# A monatomic gas is adiabatically compressed

1. May 17, 2009

### vorcil

http://img198.imageshack.us/img198/1122/masteringphysicsscreens.jpg [Broken]

p = ((1/3)*(N/V))*mv^2

vrms = squareroot ((3p)/(N/v))

i tried substituting .125 into the equation to get some numbers, didn't get anything useful

can someone show me the formulas that i have to use, and how to use them? or explain how to solve this problem

cheers

Last edited by a moderator: May 4, 2017
2. May 17, 2009

### vorcil

anyone?

3. May 17, 2009

### Andrew Mason

If the question called for an actual calculation (I am not sure it does), you would use the adiabatic condition :

$$PV^{\gamma} = constant$$ or:

$$TV^{\gamma -1} = constant$$

In other words, these quantities remain unchanged in an adiabatic process.

Since work is done on the gas, what can you say about the temperature after adiabatic compression (apply first law)? How does vrms relate to temperature?

Would the specific heat Cv change? (remember, the gas is ideal).

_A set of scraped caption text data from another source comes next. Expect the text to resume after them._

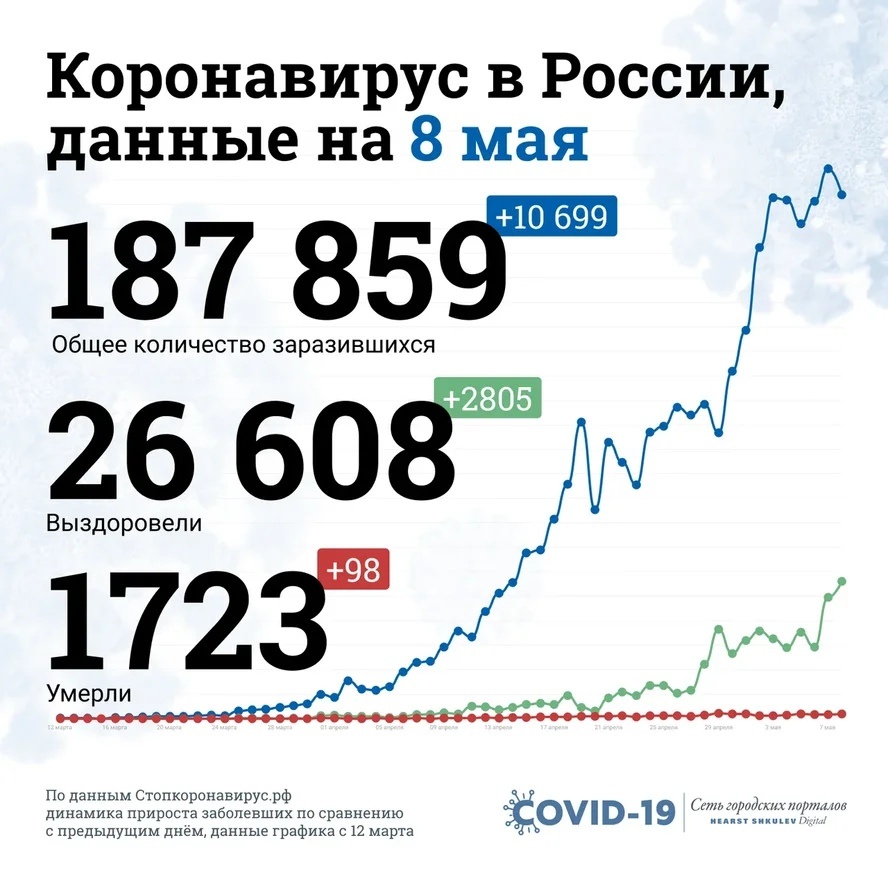 Фото: Виталий Калистратов / Сеть городских порталов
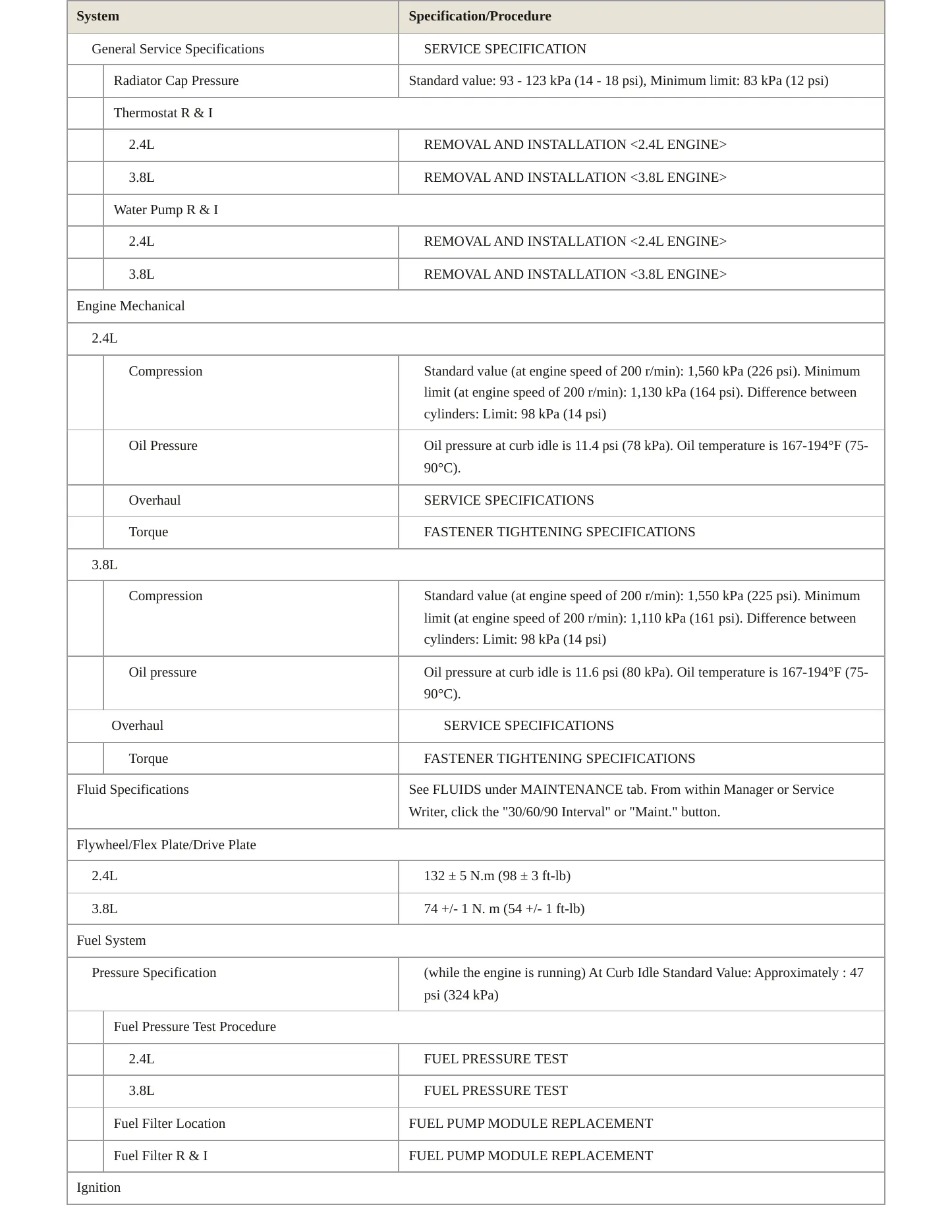 2010 Mitsubishi Eclipse Service and Repair Manual preview page 3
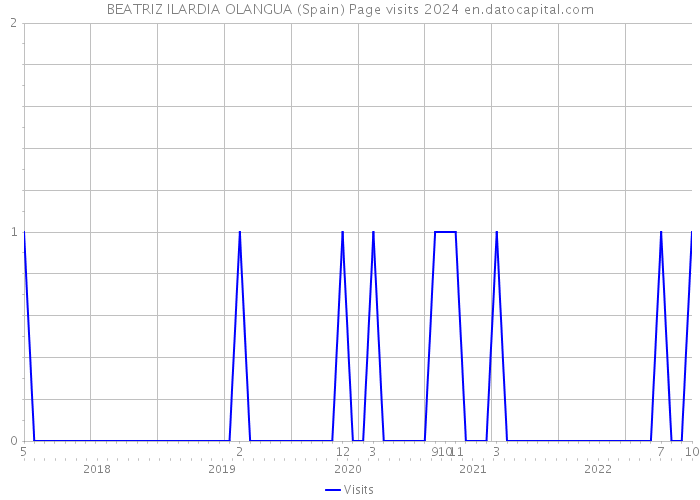 BEATRIZ ILARDIA OLANGUA (Spain) Page visits 2024 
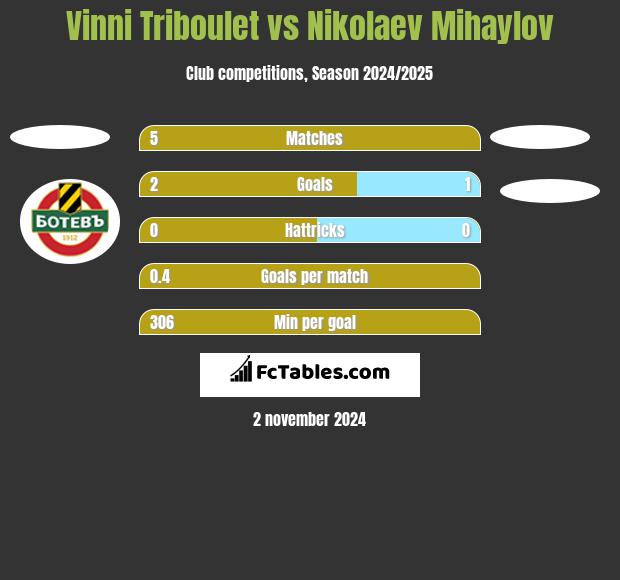 Vinni Triboulet vs Nikolaev Mihaylov h2h player stats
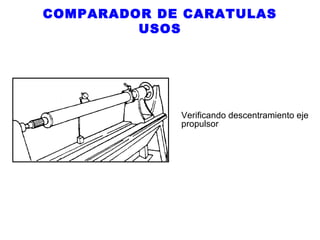 COMPARADOR DE CARATULAS
USOS

Verificando descentramiento eje
propulsor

What does the mean free path mean? How would it change with reduced volume?

AM

Last edited by a moderator: May 4, 2017
4. May 17, 2009

### vorcil

since those values were constant and work is done on the gas, i would expect the temperature to decrease as the volume of the gas decreases to keep the thermal energy constant,

if the temperature decreases, i don't think anything happens to the vrms of the gas, because i looked through the book at the vRms of a gas section and the formulas have nothing to do with temperature (though i'm sure they do)

5. May 17, 2009

### vorcil

ok i found in my book

P = f/a
= 1/3 * N/V * MVrms squared

n/v = p / boltzmanC * temperature

so the volume is inversely proportional to temperature as was my guess, if volume decreases the temperature increases

6. May 17, 2009

### vorcil

they are constant?

7. May 17, 2009

### vorcil

oh that was the volume not vrms

i found the equation 1/2m * vrms^2 = 3/2 kb t

which means the average root mean square velocity is directly proportional to temperature

3/2 T with kb being boltz's constant, if it decreases, the velocity decreases aswell

8. May 17, 2009

### vorcil

bah i failed this question and only got two of the awnsers right

i knew that the heat specific ratio was constant so it was 1,

i got for the first question 2.07 instead of 2.00 and because it's mastering physics i failed that question
i got that from ln(1/.125) for an adiabatic process

the other two awnser for B and C
were lavender = .125 (not sure why the mean free path was the same as the volume percentage it was reduced too
and C was 4,

no idea how the first three awnsers came around for
part a b and c

could someone please show the maths behind it, and the way to those awnsers? i've already finished the question so i just need someone to explain it without asking a question ^ ^

9. May 17, 2009

### Andrew Mason

Since $TV^{\gamma - 1}$ does not change:

$$T_fV_f^{\gamma-1} = T_iV_i^{\gamma-1}$$

So:

$$\frac{T_f}{T_i} = \frac{V_i^{\gamma-1}}{V_f^{\gamma-1}}$$

since Vi/Vf = 8 and $\gamma = 5/3$:

$$\frac{T_f}{T_i} = 8^{2/3} = 4$$

So the internal energy increases by a factor of 4 and since $v_{rms}^2 \propto T$, the vrms increases by a factor of 2.

$$v_{rms-f} = 2v_{rms-i}$$

AM

10. May 18, 2009

### vorcil

Thanks, i actually figured it out in the end by myself :) Almost exactly the same way as you did XD
cheers